Yes, it sounds like you called the wrong people about your saw. You should have called the dealer. Better yet, taken it back since theres nothing they could have done for you over the phone. 

What good would it have been for you to get a rebate on a saw that doesnt run? So they send you some hush money, you still have a broken saw, something smells fishy there.

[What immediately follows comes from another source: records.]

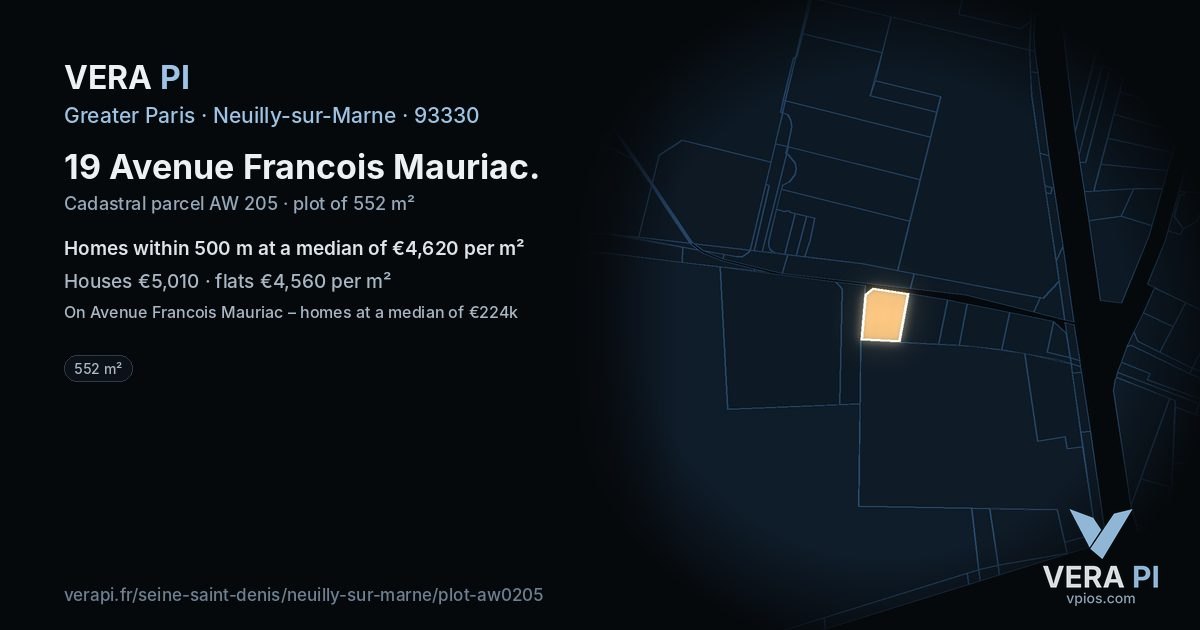 19 Avenue Francois Mauriac, Neuilly-sur-Marne at night – the plot lit, the parcels around coloured by the prices near them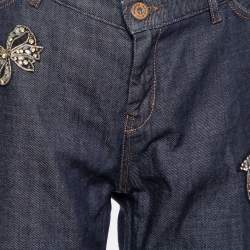 Pre Owned Weekend Max Mara Navy Blue Denim Embellished Bow Detail Cropped Boyfriend Jeans L Waist 34" 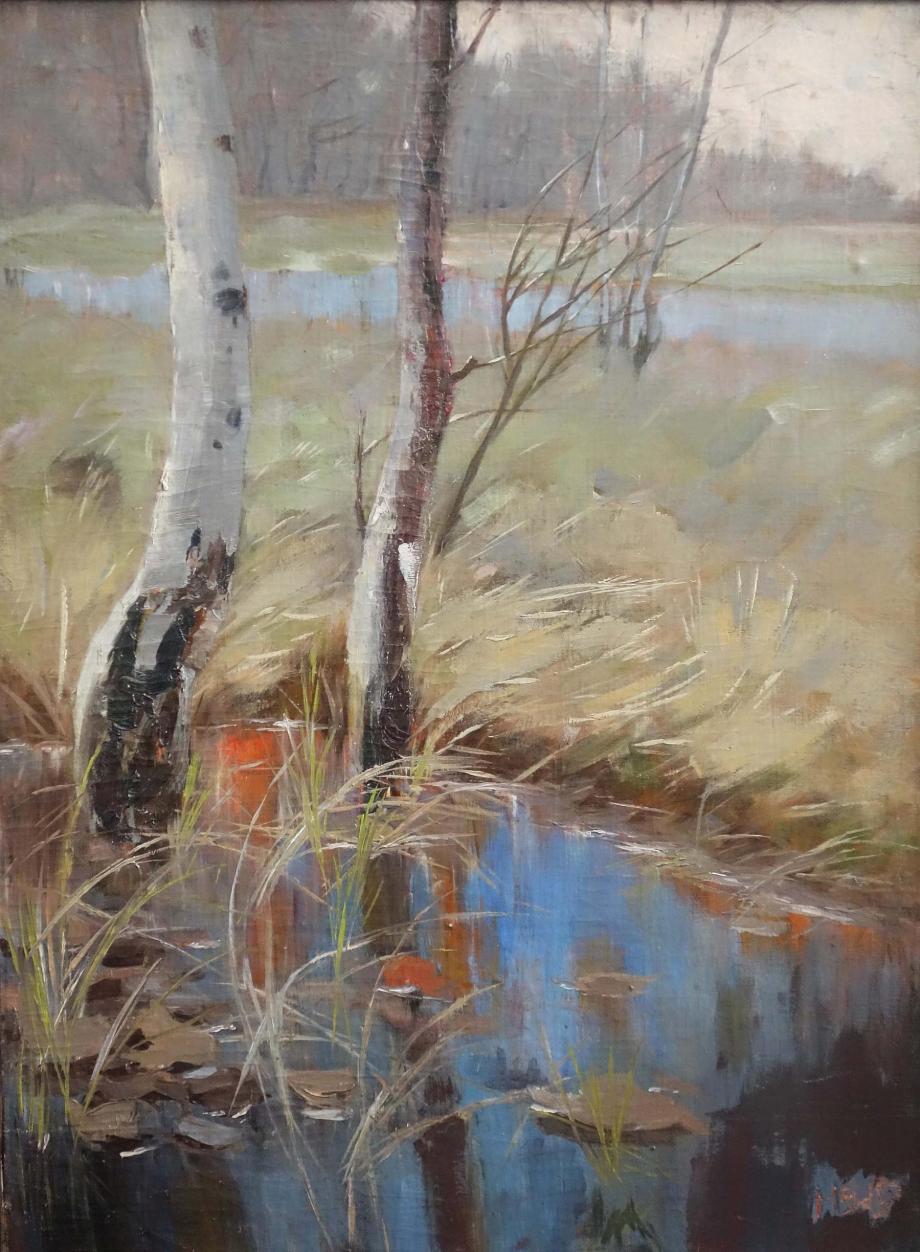 Hannah Schreiber de Grahl, Uferlandschaft am Schwielowsee, Hannah Schreiber de Grahl, Uferlandschaft am Schwielowsee,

Not to mention, if you just bought the saw, used it once, and it broke, theres no reason your dealer wouldnt either fix it, or simply give you a new saw, something about a 7 day use it and if you dont like it bring it back and swap for a different one comes to mind.

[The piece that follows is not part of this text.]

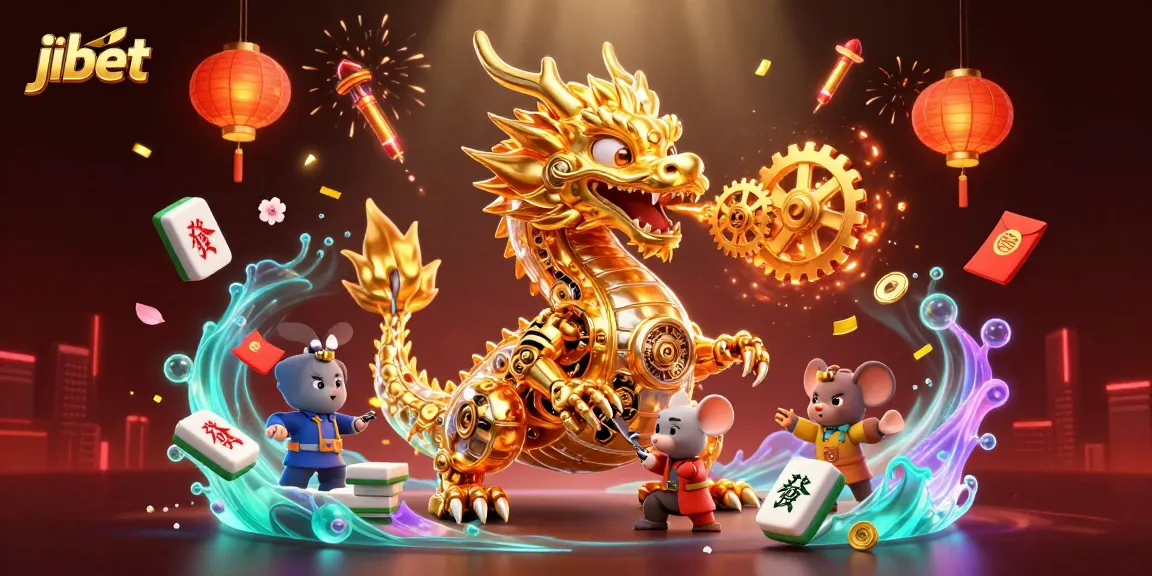 Experience the thrill of jibet with stunning 3D animation of a golden dragon surrounded by vibrant casino elements.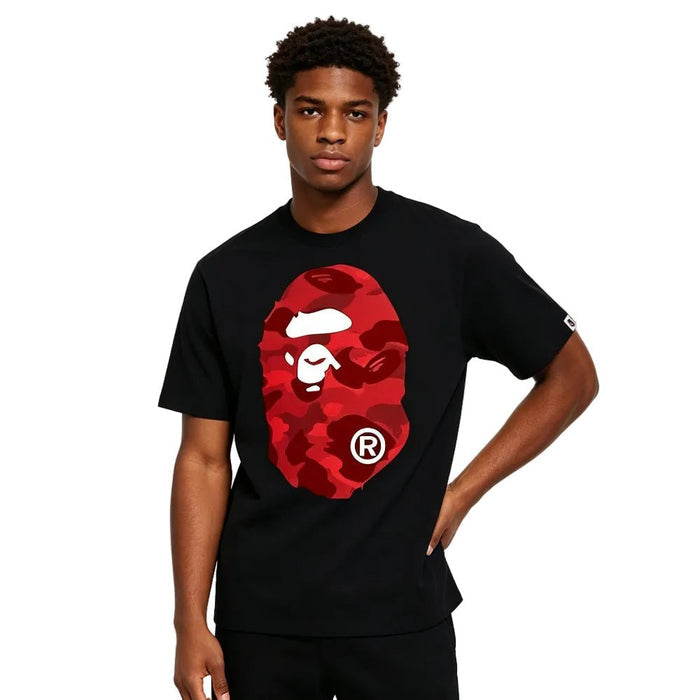 BAPE Color Camo Big Ape Head Tee Black Red - Afewvibe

I think this is ole Sappy boy in disguise.


----------



## Finnbear (Jun 1, 2006)

Yeah, I thought I smelled sap too. 
Finnbear


----------



## paulpa (Jun 2, 2006)

thank you and your so right,i did make a mistake by trying to deal directly with stihl.i went to the dealer and they took care of me right away,i was cutting wood within a half hour ,and yes let me eat a little crow here,the saw runs like a bear,i guess i was a little frustrated trying to cut wood in 95 degree heat with a brand new saw that wouldn't run,,,,thanks for your help on this subject,to all that answered,,,,,,,


----------



## Lakeside53 (Jun 2, 2006)

paulpa said:


> thank you and your so right,i did make a mistake by trying to deal directly with stihl.i went to the dealer and they took care of me right away,i was cutting wood within a half hour ,and yes let me eat a little crow here,the saw runs like a bear,i guess i was a little frustrated trying to cut wood in 95 degree heat with a brand new saw that wouldn't run,,,,thanks for your help on this subject,to all that answered,,,,,,,



That doesn't sound like sap!


----------



## Lakeside53 (Jun 2, 2006)

Woodturner2 said:


> Well, things happen to them all sometimes. I wouldn't judge Stihl a bad saw because a component failed. At least your saw is under warranty and should be repaired at no cost. I know how frustrating it can be though, I feel your pain!
> 
> I found the problem with my saw this morning. My 026 has a Walbro WT 493 carburetor, and the plastic barbed fitting that the fuel line connects to is cracked. As soon as I put the saw back together and fueled it up, I saw the leak at the fitting. Of course, the fitting is not sold seperately, as it is part of the Carb. body. So, it is either try to JB Weld it up and hope it holds, or order a new carburetor. I decided to do both. I have to cut for a couple of hours this weekend, so I cleaned up the area around the fitting and carb. body, and JB'd 'er good. I also ordered a new Carburetor that will be here next Tuesday, at about $67.00. At least I found the problem and can have it fixed like new in short order, without taking it to the dealer. Thanks for all the help, I really appreciate it!




This info is probably a little late for you, but for any future readers of this post...

That little elbow is easily replaced... Just snaps on. I can pull one off an old carb if you like and post it to you. 

On the replacement carb, the best choice is to get the two screw carb like a WT426-1 etc..? You can get them direct from Walbro distributors for a lot less then from Stihl.


----------



## coveredinsap (Jun 2, 2006)

Finnbear said:


> Yeah, I thought I smelled sap too.
> Finnbear



LOL! You all need to get your smellers fixed.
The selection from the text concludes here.